Chauvin, 45, was found guilty Tuesday of second-degree unintentional murder, third-degree murder and second-degree manslaughter.
Chauvin’s sentencing is scheduled for eight weeks from now.
Frey’s remarks of praise didn’t land with everyone – some took issue with the mayor’s characterization of Floyd’s death as a sacrifice for the sake of the city.
House Speaker Nancy Pelosi offered a similar sentiment in her press conference with the Congressional Black Caucus.
“Thank you George Floyd for sacrificing your life for justice,” Pelosi said Tuesday outside the Capitol. “Because of you and because of millions of people around the world who came out for justice, your name will always be synonymous with justice. And now we have to make sure justice prevails in the sentencing.”

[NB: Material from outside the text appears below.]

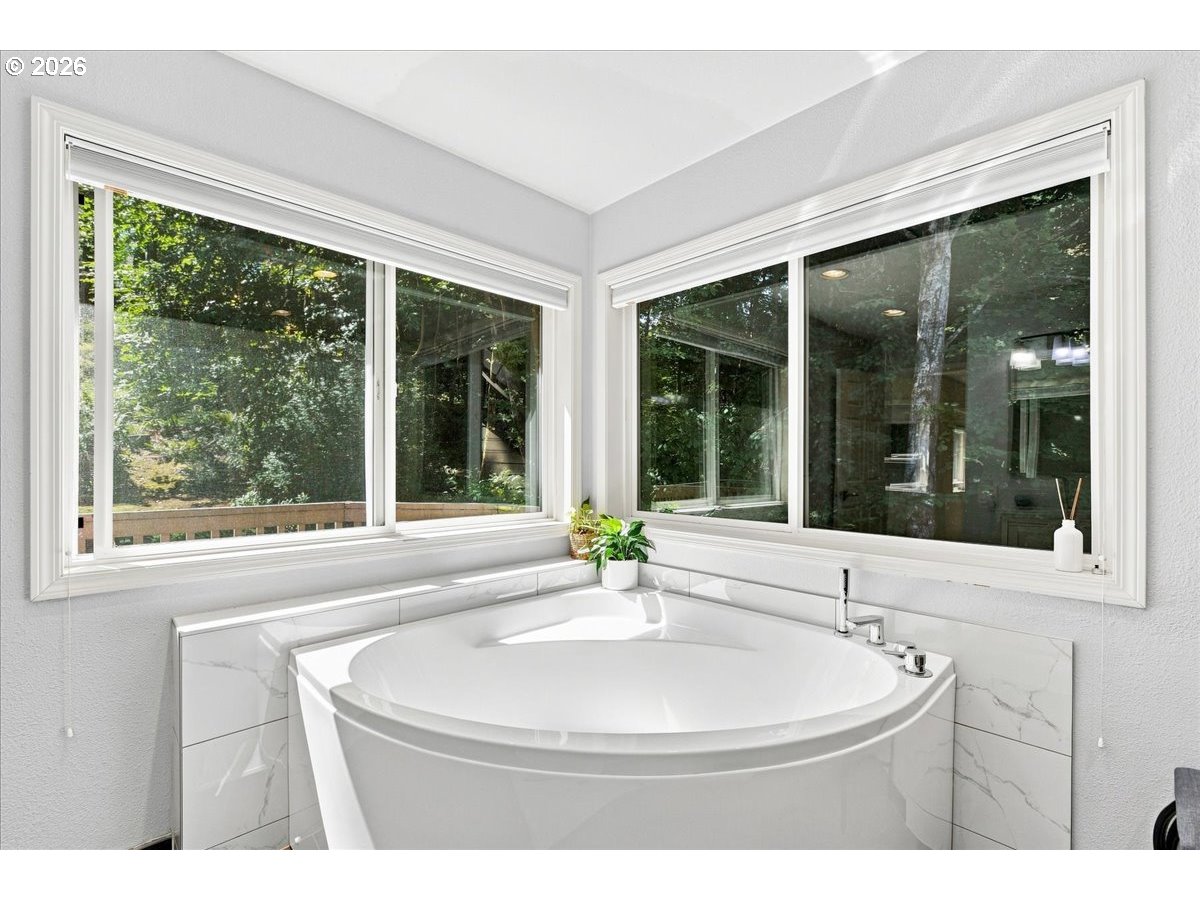 2840 Nw Walden Dr Property Photo 35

Floyd, a 46-year-old Black man, died on May 25, 2020 after Chauvin held his knee against Floyd’s neck or upper body for nine minutes and 29 seconds, as a handcuffed Floyd repeatedly said that he could not breathe. Police were called to the area on that day for a report that Floyd had used a counterfeit $20 bill to buy cigarettes at a neighborhood convenience store, Cup Foods.